For those who find seated practice hard to sustain, Adhikari recommends context-sensitive alternatives that fit into existing routines. A mindful hike, or forest bathing, a practice with roots in the Japanese tradition of shinrin-yoku, brings the same quality of sensory attention to a natural environment: the texture of a path underfoot, the temperature of the air, the sound of moving water. Nepal's natural terrain makes this option particularly accessible for those within reach of its trails and forests.

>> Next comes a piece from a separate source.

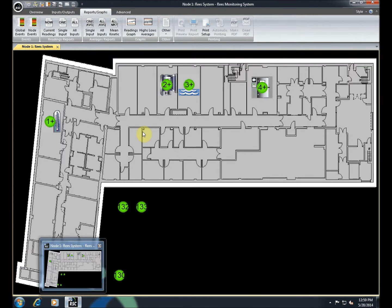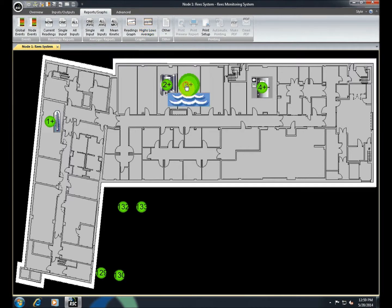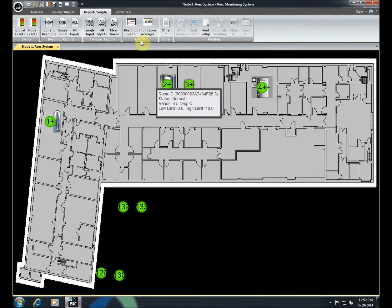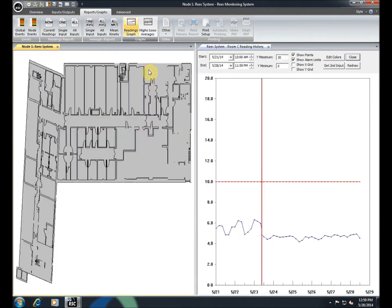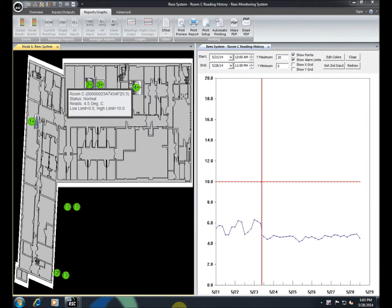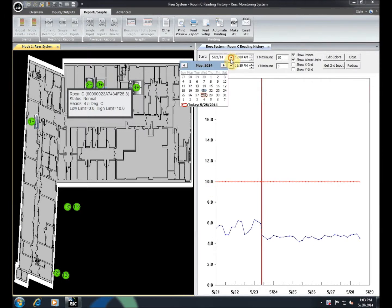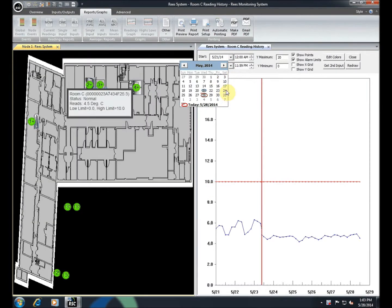If you wish to see this data in graphical format, click Highs, Lows, and Averages, or select an input and then Readings graph in the Graphs section. You can adjust the time period and axis scales to your needs.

A simpler in-the-moment anchor requires no setting at all. Before scrolling past an appearance-focused social media post, pause. Notice the physical sensation the image produces in the body. Use that sensation as a point of return rather than a trigger for comparison. Adhikari's suggestion here is precise: the pause itself is the practice, a brief interruption that inserts awareness between stimulus and reaction. Journaling, another recommended tool, can bring the same quality of non-edited observation to body-related thoughts and feelings that are hard to see clearly in the middle of them.
A Necessary Caution
Mindfulness is not a clinical replacement for professional care, and framing it as one does real harm. Adhikari and the broader psychology literature draw a clear line: for people dealing with body dysmorphic disorder, clinical eating disorders, or severe body dissatisfaction that is disrupting daily function, relationships, or physical health, trained therapeutic support is not optional. These are conditions involving neurological and psychological complexity that self-guided practice cannot safely address alone.
What mindfulness can still contribute in those contexts is meaningful but bounded: it can reduce shame, soften negative self-talk, and make professional treatment more approachable. It is a complement to clinical care, not a workaround. If body image concerns have crossed into disordered eating behaviour or are affecting core areas of life, a clinical psychologist or therapist should be the starting point, not mindfulness practice.
Starting Where You Are
Most people struggling with body dissatisfaction do not know that mindfulness is available to them. That is partly a communication gap and partly a misperception: that meaningful practice requires formal training, a studio, or dedicated hours. Adhikari's approach dismantles that assumption. A brief body scan before bed, a deliberate pause on a familiar trail, a slow and attentive first bite: these are legitimate entry points, not consolation prizes for people who cannot commit to a full programme.
What they do require is patience and a willingness to return, not to a particular body shape or feeling about that shape, but to the present moment, one small nonjudgmental practice at a time. Given that the Newcastle research traced healthy body image back to exactly those two qualities, present-moment awareness and nonjudgement, the starting point turns out to be closer than most people expect.